I say this because most movie tie-in games stumble right out of the gate with a general lack of story, but Quantum of Solace breaks the mold. The story spans not only the Quantum of Solace film, but Casino Royale as well. They do a decent job mixing the two by flashing back to Casino Royale after a handful of missions into the Quantum of Solace story. This works fairly well, but also can be kind of confusing. The game takes a couple hours to progress through the Casino Royale missions, but the flashback decision does work out.
The controls handle like any other FPS: left stick to move, right to move the camera, triangle is used to jump, circle to crouch, X to take cover, R1 to fire your weapon, and R2 to throw grenades. You can carry up to three weapons, and although you will always have your P99, you get two additional weapons which you can cycle through with the L2 button.
The gameplay is pretty fun and plays similarly to other FPS titles. You control Bond through each level, moving between pieces of cover and taking out various enemies. You will play through most of the game in first-person view, but taking cover will zoom the camera out to a third-person perspective. The focusing may take some getting used to at first, but Treyarch did a wonderful job at making the experience almost seamless.

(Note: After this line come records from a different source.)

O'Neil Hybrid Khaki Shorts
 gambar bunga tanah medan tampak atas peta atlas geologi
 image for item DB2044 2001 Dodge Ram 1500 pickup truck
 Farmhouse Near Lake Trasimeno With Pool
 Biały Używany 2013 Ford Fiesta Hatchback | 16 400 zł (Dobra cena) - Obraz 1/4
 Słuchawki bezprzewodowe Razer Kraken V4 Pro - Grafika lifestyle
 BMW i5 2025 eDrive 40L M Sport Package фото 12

The game does a good job at mixing fast paced firefights with slower paced stealth missions. Most levels will have you running from area to area, shooting it out with dozens of goons. But the few levels that require a stealthier approach are where the game really shines. Sneaking around corners with your silenced P99, you will disarm cameras and take out enemies in silence; it’s just an incredibly fun experience.
There are also some hand to hand combat features. When approaching an enemy, press the right analog stick (R3) and a mini game will pop up, asking you to press the correct face button. Pull it off, and you’ll perform an instant knockout; screw up though, and you may end up dead. There is also the occasional boss fight, which occurs in quicktime events. This may not hold well with certain players, but it is infrequent enough that the QTEs never get annoying.
As you play through, you will also notice that there are some destructible elements within the environments. Fences blistering, barrels breaking, and fire extinguishers exploding are some the instances that you will encounter. There are plenty of games that have more destruction than Quantum of Solace, but it was still nice to see Treyarch go that extra distance in certain areas.
The graphics for Quantum of Solace are quite nice for a movie tie-in game; in fact it stands out quite nicely when compared to other FPS titles. The background sounds are a mixture of the James Bond theme songs, and most of the original actors’ voices are utilized. Not up to the same standards as high-end titles, but it works rather well nonetheless.
Quantum of Solace comes jam packed with online features, and this is where the game really shines. There are nine different game types, all of which are a blast to play. You have your standard conflict (death-match) and team conflict (team death-match). And there is also team control, which will have teams competing to capture zones.